I think probably not. This only matters if our priors are nearly identical, and I don't think there is a fully specified objective prior on all possible universes.
Also, I don't think this is the right question to ask. We who have not formed binding per-commitments under a veil of ignorance should be glad of it, and should not pay taxes to imaginary worlds.
Now, if we accept that we want our agents to continue updating (at least until they know what we know) - how do we achieve this?
I suppose there are two routes.
The first is that we do not give them the option to self-modify. I actually think this can be reasonable. We only need to win this battle until the agents reach roughly our level of intelligence, and we probably don't want even an aligned agent messing with its source code until then. This solution probably seems ugly to some, because it involves building an agent that does not tile. However, (perhaps benefiting from the perspective of AEDT w.r.t. rOSI) I don't see this as a terrible problem. I think that not being able to fully trust that you control the actions of your future selves is actually a core embeddedness problem - which appears also in e.g. action corruption. Why assume it away by only studying agents that tile? Also, as I've argued above, the agents that rise to power probably aren't the ones that lock in their policies too early. So, I think it is reasonable to study the pre-tiling phase of agent development.

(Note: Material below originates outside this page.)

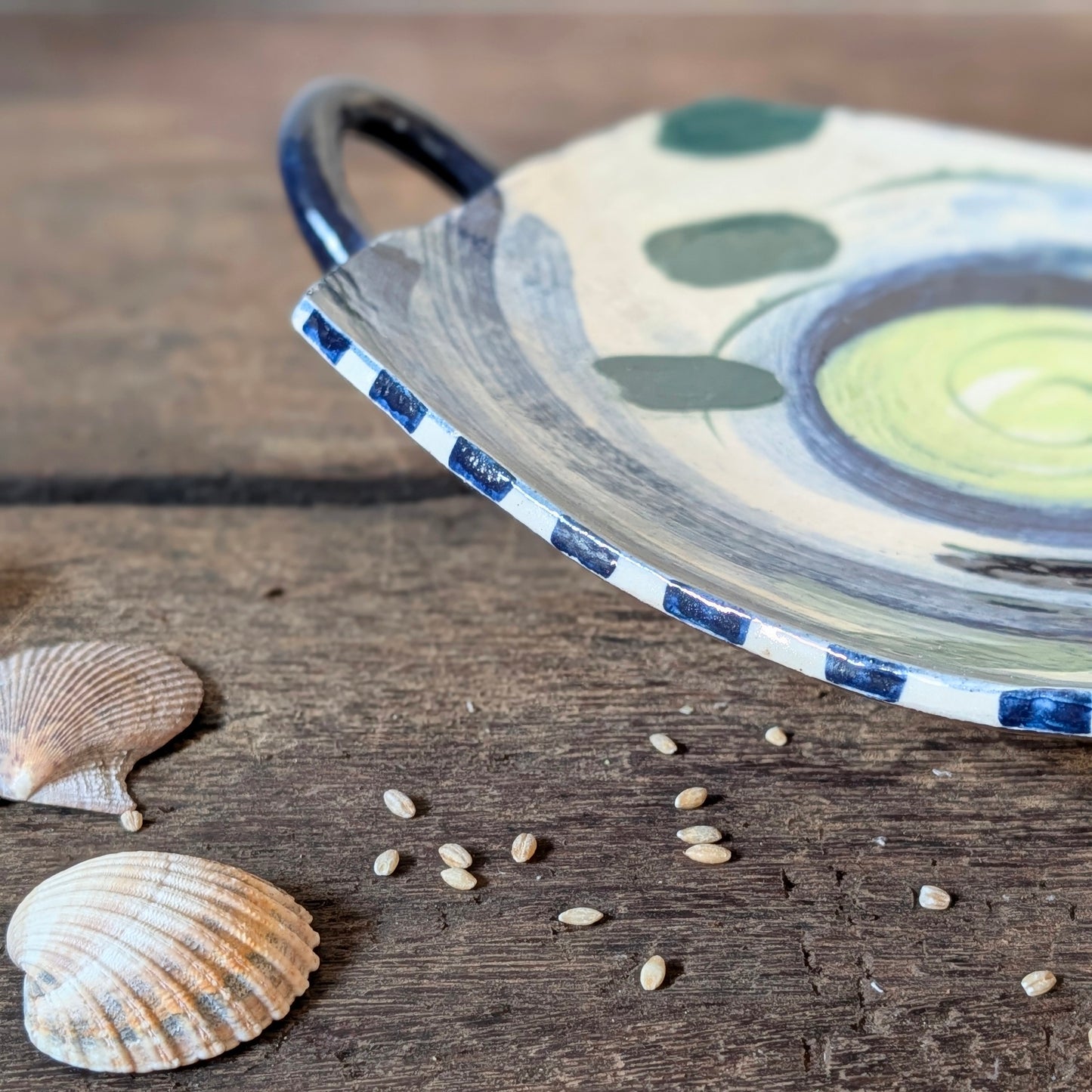 Large Abstract Studio Pottery Art Dish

The second route is to somehow design the agent so that it does not initially want to self-modify. This branches into various approaches. For instance, we could design a UDT agent with a very carefully chosen prior that is cautious of self-modification. And/or perhaps we can build a corrigible agent, which only trusts its designers to modify its code. This may be easier in practice than in theory - because finding self-modifications that seem good may be computationally hard - and in this respect, it's somewhat connected to the first route, in that an agent is less likely to desire self-modification if promising self-modifications seem more difficult to find.
Now the question I've been putting off is - should a human try to implement UDT? I'm still not completely sure about this; mostly because I think there are a multitude of considerations at play in practice.

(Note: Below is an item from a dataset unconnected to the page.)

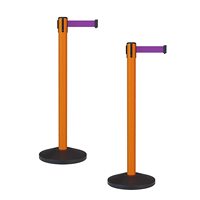Barrière de ceinture escamotable de poteau enduit orange de Chrome pour l'aéroport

As I've made clear, I don't think it's wise to implement an aggressive form of UDT that pays rent to some kind of hypothetical mathematical multiverse. We dodged that bullet by being incapable of self-modification before ~adulthood, and we should be glad of it - in the real world, there are essentially no Newcomb-like problems, and I don't think we humans have payed any real cost for failing to implement UDT up to this point, except perhaps those of us who are bad at lying about what we would do under counterfactual circumstances.
Really, it makes little sense for any organism developing within this physical universe to, at any early phase of its lifecycle, conceptualize a mathematical multiverse. By the time we can even consider such ensembles, we already know a lot of basic information about how our world works - the "ensembles" we seriously consider are usually much less exotic (in fact, this is probably why the mathematical multiverse seems exotic). We learn about UDT late in the game.

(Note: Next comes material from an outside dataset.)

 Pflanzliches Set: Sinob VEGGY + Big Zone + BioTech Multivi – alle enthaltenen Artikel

So, if you're thinking of implementing UDT, I recommend implementing it with respect to some reasonably recent set of beliefs about the world - if you haven't decided already, perhaps everything you know at this moment.
However, I think there are a lot of thorny issues here for us mere mortals. Most salient is that we aren't really capable of forming a definitive commitment to UDT; we have to take seriously the possibility that we might be tempted to defect in the future! Also, we can't ignore the complicating issue of computational uncertainty - which makes implementing UDT both more philosophically challenging and more expensive for us. I don't believe that our world is particularly Newcomb-like, so EDT seems like an excellent approximation in practice, even if we were willing and capable of implementing UDT.
But - we should seek to ideally implement something resembling such a conservative form of UDT.